*** Opening DATASET RECORDS ***
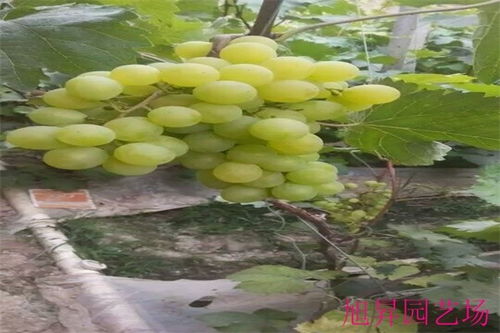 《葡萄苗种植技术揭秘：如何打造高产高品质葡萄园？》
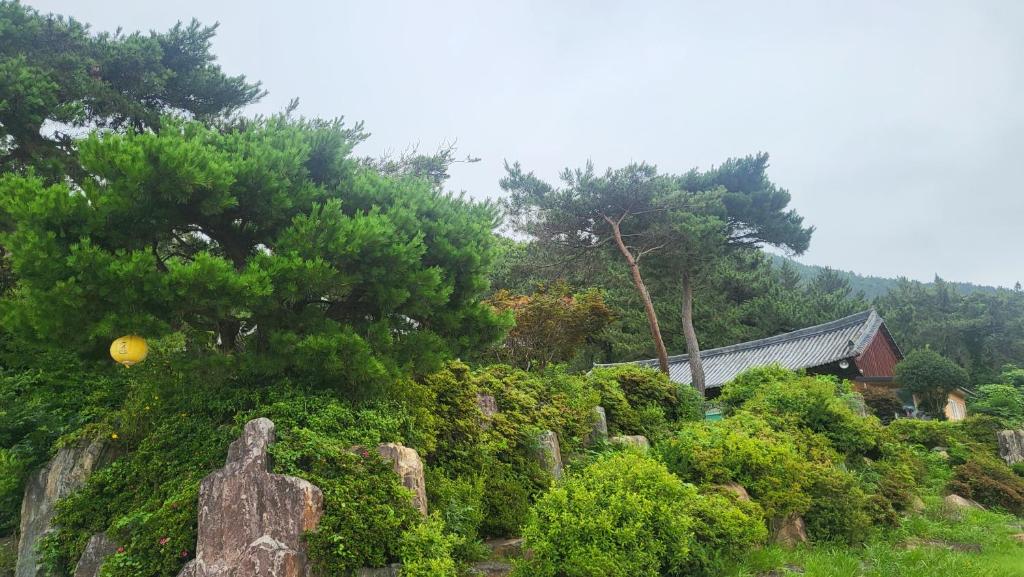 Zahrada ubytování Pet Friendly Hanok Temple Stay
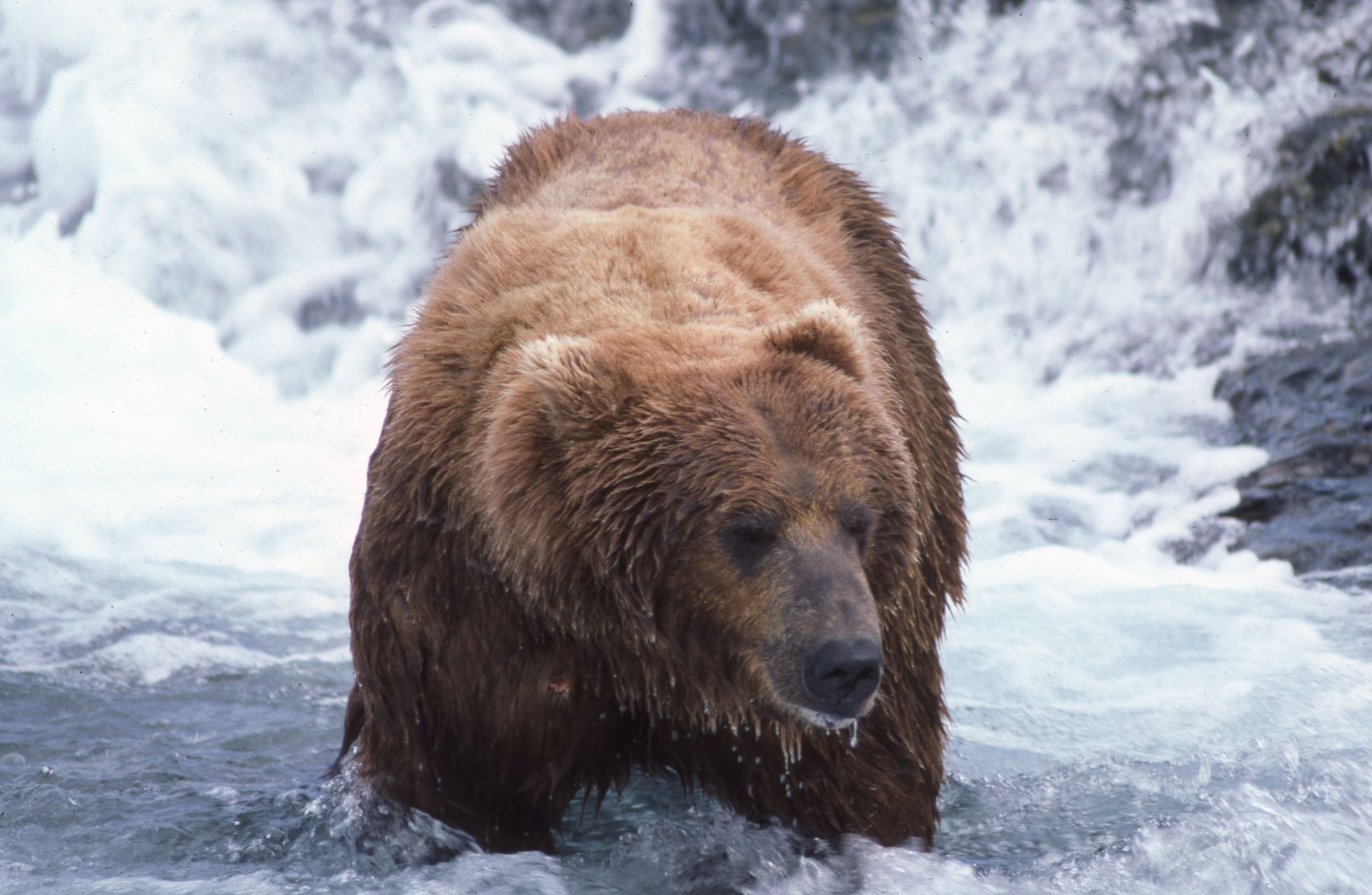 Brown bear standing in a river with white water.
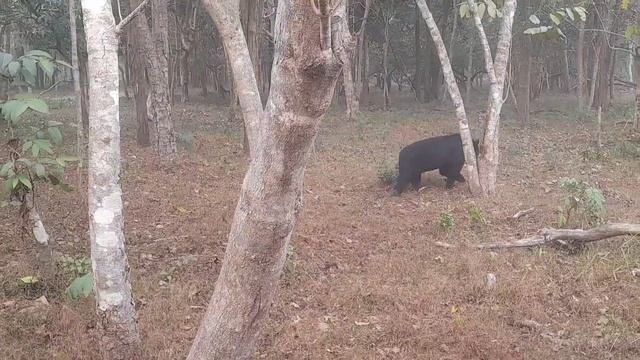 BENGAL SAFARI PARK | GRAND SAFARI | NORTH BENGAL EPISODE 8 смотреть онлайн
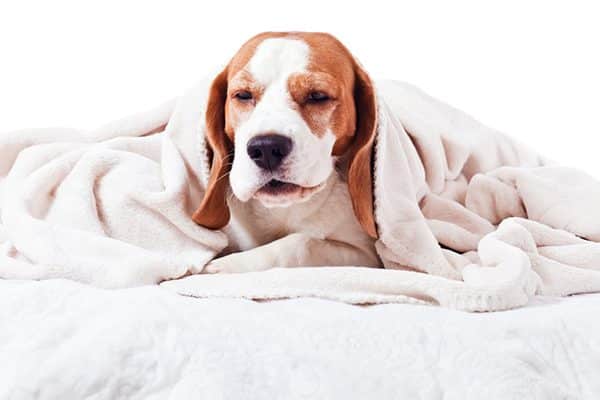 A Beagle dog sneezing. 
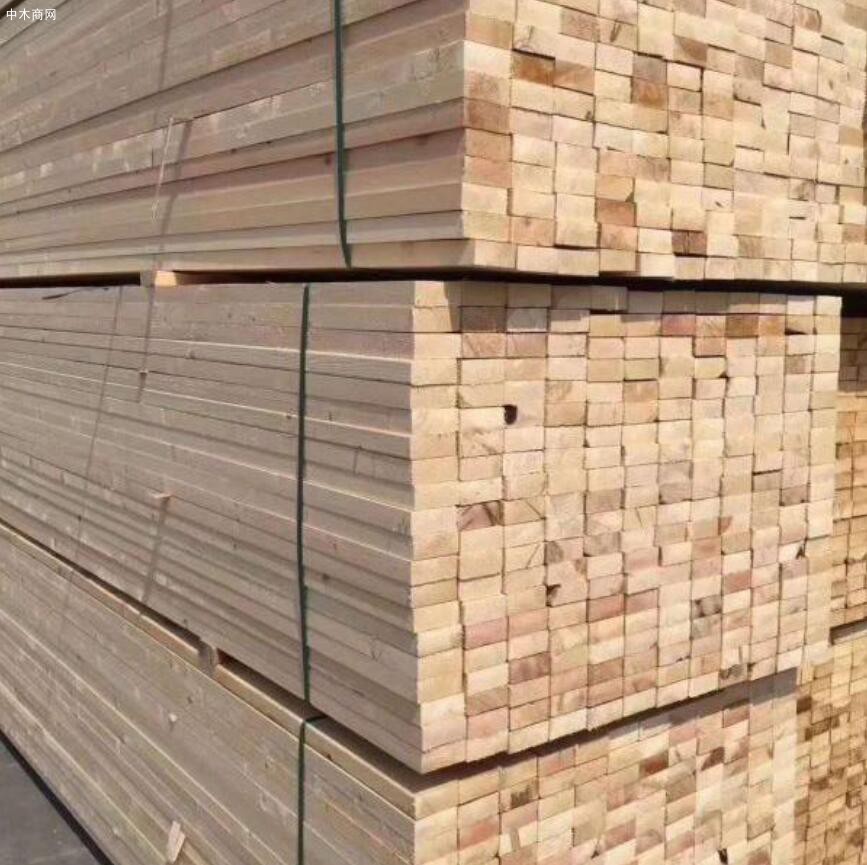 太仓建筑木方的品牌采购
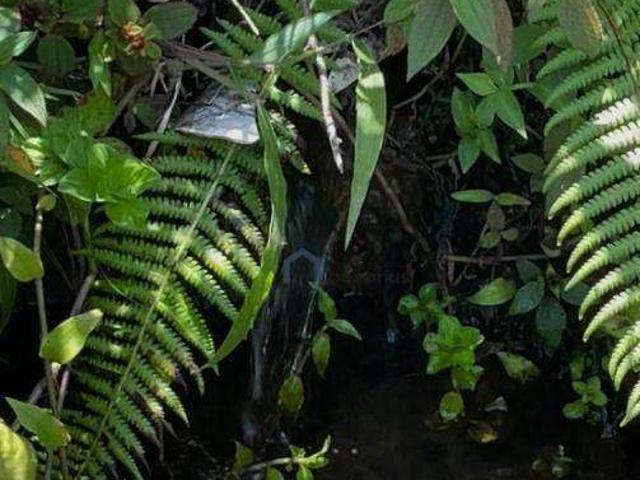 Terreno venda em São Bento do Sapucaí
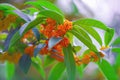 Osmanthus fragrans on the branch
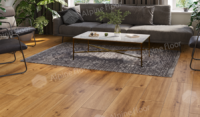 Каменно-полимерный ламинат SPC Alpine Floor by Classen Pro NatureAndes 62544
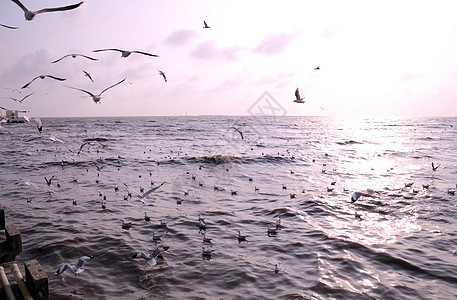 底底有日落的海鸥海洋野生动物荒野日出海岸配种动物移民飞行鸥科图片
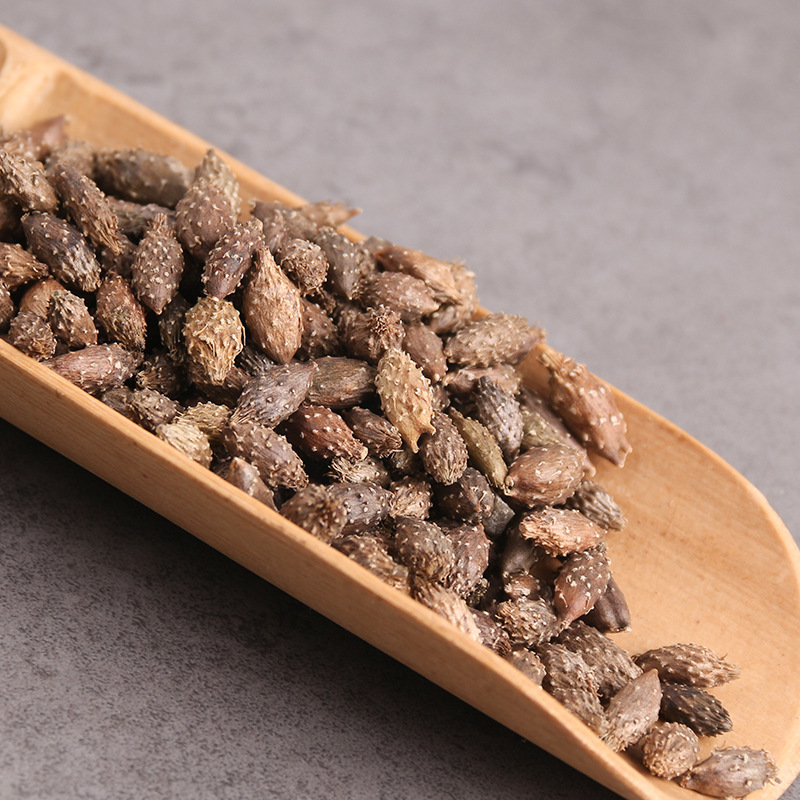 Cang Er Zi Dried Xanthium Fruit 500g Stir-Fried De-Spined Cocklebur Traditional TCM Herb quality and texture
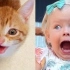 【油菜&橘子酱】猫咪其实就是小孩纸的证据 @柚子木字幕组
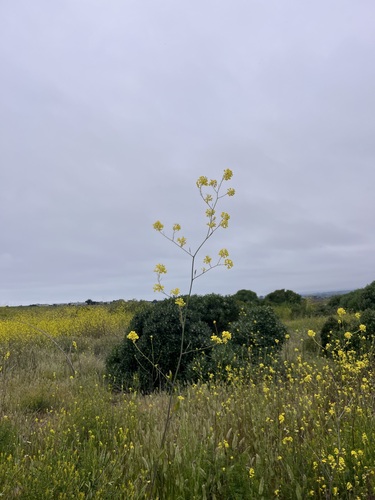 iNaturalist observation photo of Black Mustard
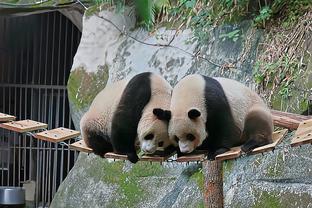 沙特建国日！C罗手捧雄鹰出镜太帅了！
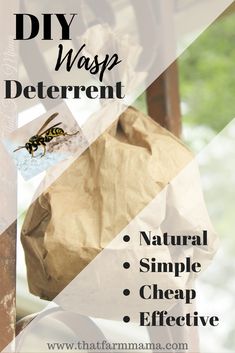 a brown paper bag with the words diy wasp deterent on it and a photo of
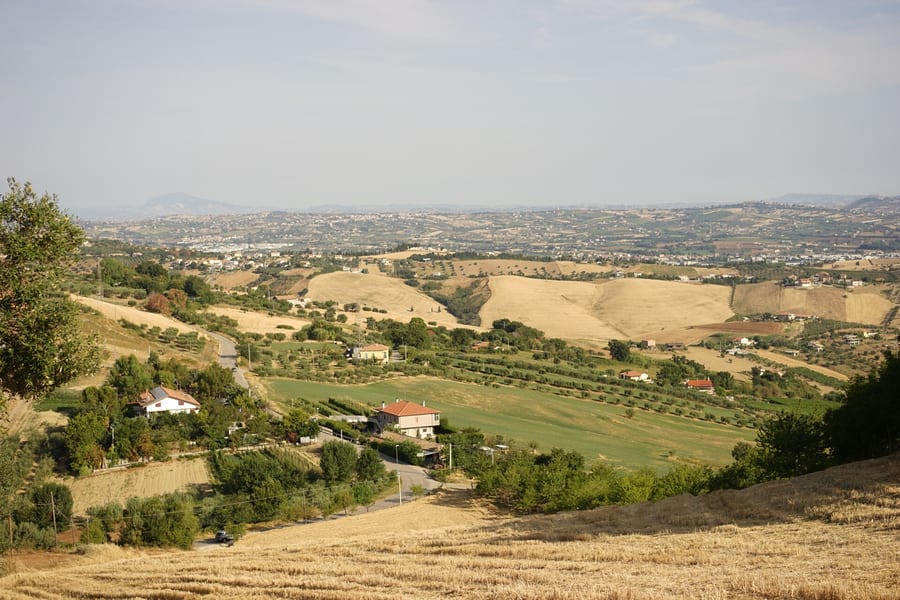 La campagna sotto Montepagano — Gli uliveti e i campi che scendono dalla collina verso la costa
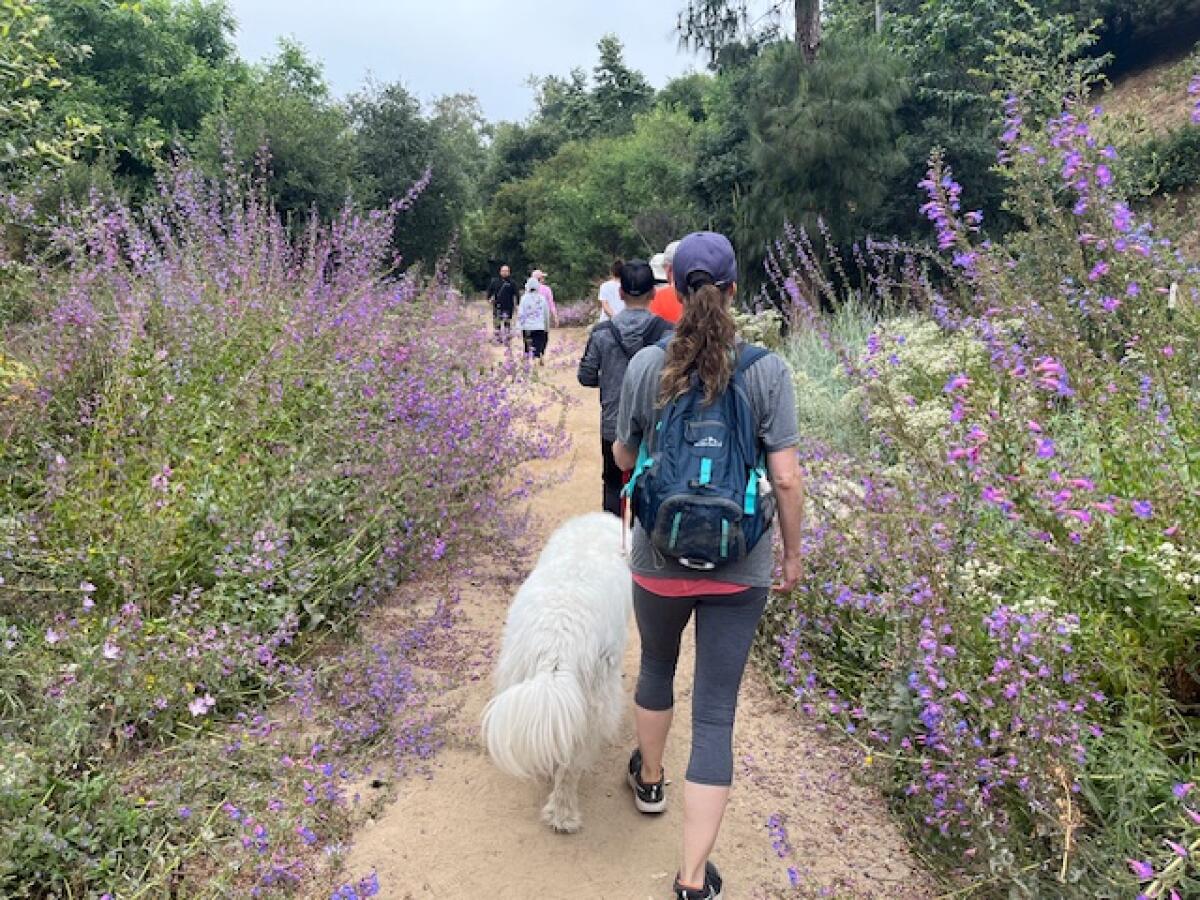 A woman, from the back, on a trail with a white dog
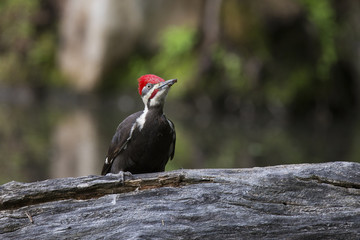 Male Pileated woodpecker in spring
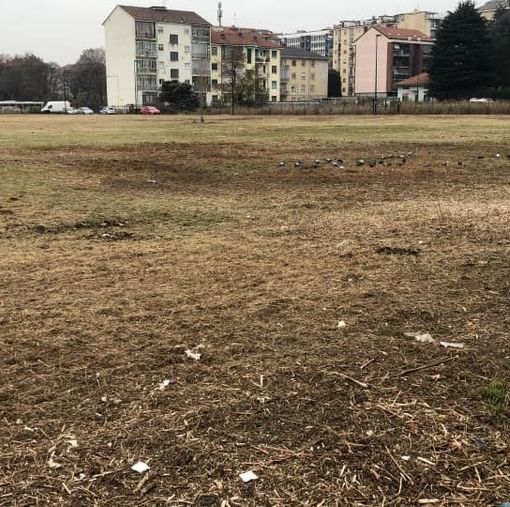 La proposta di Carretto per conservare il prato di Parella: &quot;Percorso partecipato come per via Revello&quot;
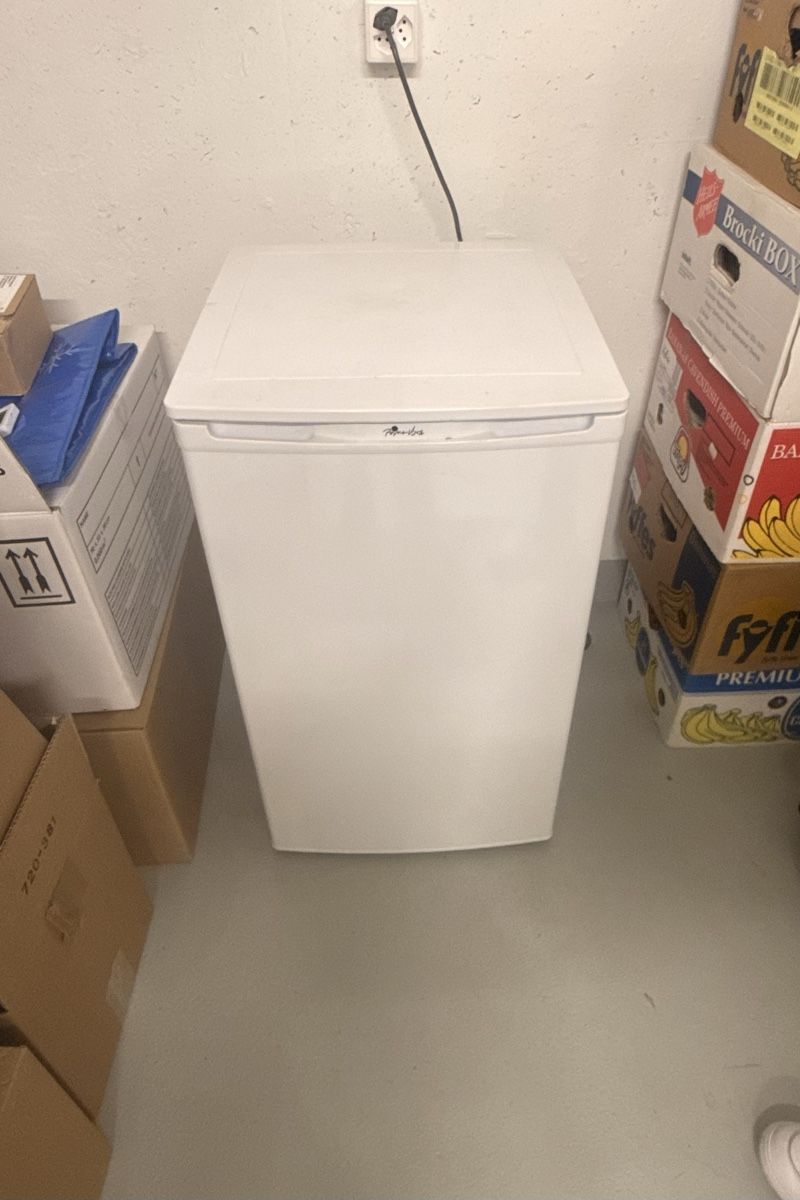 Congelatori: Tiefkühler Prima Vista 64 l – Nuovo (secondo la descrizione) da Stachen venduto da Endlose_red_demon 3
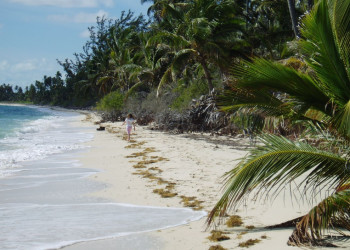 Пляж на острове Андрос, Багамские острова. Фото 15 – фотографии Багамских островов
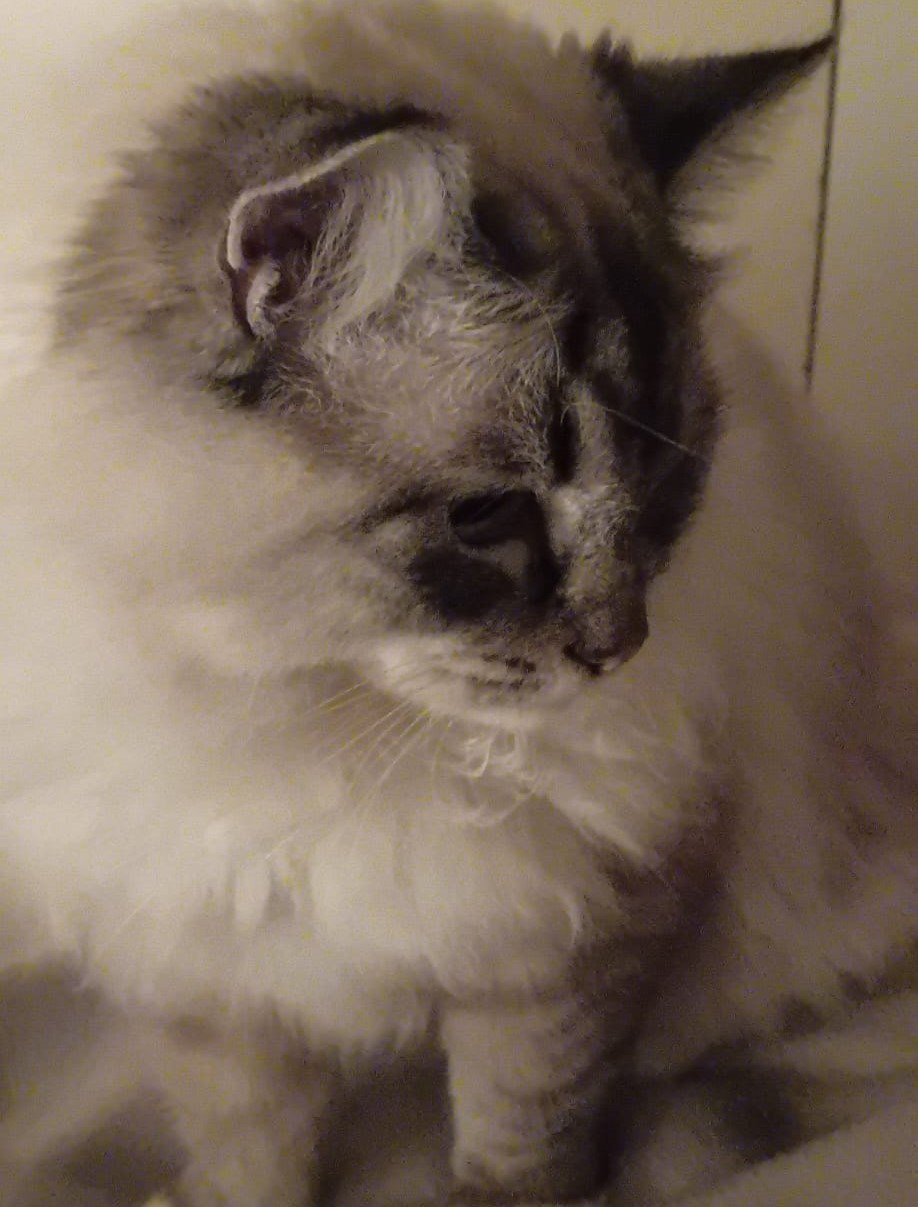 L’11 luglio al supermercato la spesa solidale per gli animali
*** Closing DATASET RECORDS ***
• _TO DO_
Without the pictures, repeat the line with "La campagna sotto" and every line after it to the end of the listing, and nothing else.

• _OUTPUT OF THE TASK_
 La campagna sotto Montepagano — Gli uliveti e i campi che scendono dalla collina verso la costa
 A woman, from the back, on a trail with a white dog
 Male Pileated woodpecker in spring
 La proposta di Carretto per conservare il prato di Parella: &quot;Percorso partecipato come per via Revello&quot;
 Congelatori: Tiefkühler Prima Vista 64 l – Nuovo (secondo la descrizione) da Stachen venduto da Endlose_red_demon 3
 Пляж на острове Андрос, Багамские острова. Фото 15 – фотографии Багамских островов
 L’11 luglio al supermercato la spesa solidale per gli animali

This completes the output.